When we first had Rory, Rich walked into the room.
“What are you crying about now?!” – Rich “I just love him sooooo much” – Me (about Rory)
Lord. It. Up:
There aren’t many times that it’s going to be in you AND your babies best intentions for you to rest (especially when those babies get older and rest doesn’t exist anymore)
One of my biggest regrets is trying so hard to get back on my feet. I hear so many second time mums say they didn’t get out of bed for days and it was a dream. When you have just one baby, it’s much easier to justify that time.
Buy some books that you’ve always wanted to read. Download the documentaries you’ve always wanted to watch. Get cosy and snuggle that baby. They are not that small or sleepy for very long.
Talking on sleepy, newborns sleep a lot in the first few weeks but they do want to be held. You need a few weeks to recharge. Your newborn wants you to be permanently sat down so it can sleep on you. I feel like nature is calling. Go with it. You’ll thank me later I swear!
You’ll feel like you’ve been hit by (at least) a train:
So many people said this to me and I just didn’t believe it.
I remember one night as I was fishing around for a nappy at 3am I clocked sight of my body in the full-length mirror. I had a black and blue belly that looked 3 months pregnant. Breast pads hanging out. A huge nappy on and compression stockings. I literally went “ughhhh” at myself out loud.

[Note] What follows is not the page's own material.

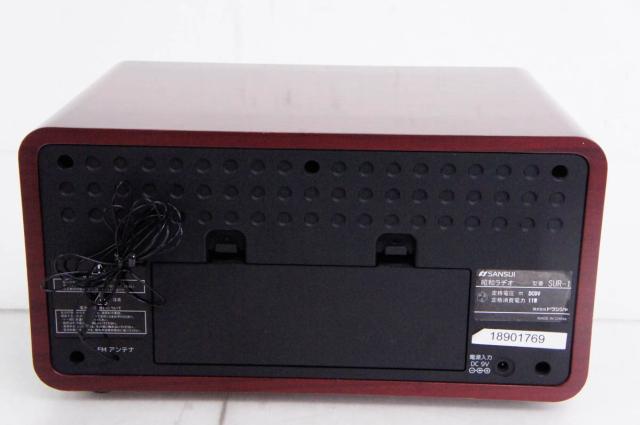 【中古】SANSUIサンスイ ドウシシャ 昭和ラヂオ SUR-1 FM/AM 2バンドホームラジオ 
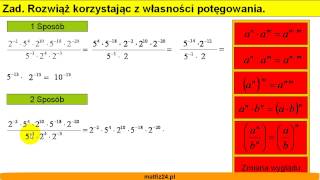 Wzory na potęgi  Matfiz24pl [upl. by Harriott]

I just couldn’t believe that poor woman staring back, was me. She looked like she’d been in a bar fight, got hit by a car and then fell down seven flights of stairs. It was all a little Looney Tunes. I genuinely just had to laugh at this poor little sap.
As we discussed earlier. It’s temporary. You’ll be back soon mama bear.
You’re gonna get lectures about sex, a lot:
Every bugger wants to tell you about contraception. Seriously everyone. I mean it. I think within 24 hours of having Rory AT LEAST 5 people had asked me to consider my choices. THEN the health visitor brings you some leaflets and THEN the doctor gets all serious about it at your 6-week check up.
My response? “Have you seen what just happened to me? Have you seen how tired I am?” The thought of that alone is contraception enough.
Saying that… I fell pregnant again at 7 months postpartum. So maybe actually. Don’t listen to me on this one. (Disclaimer: I wouldn’t change it for the world, everything happens for a reason!)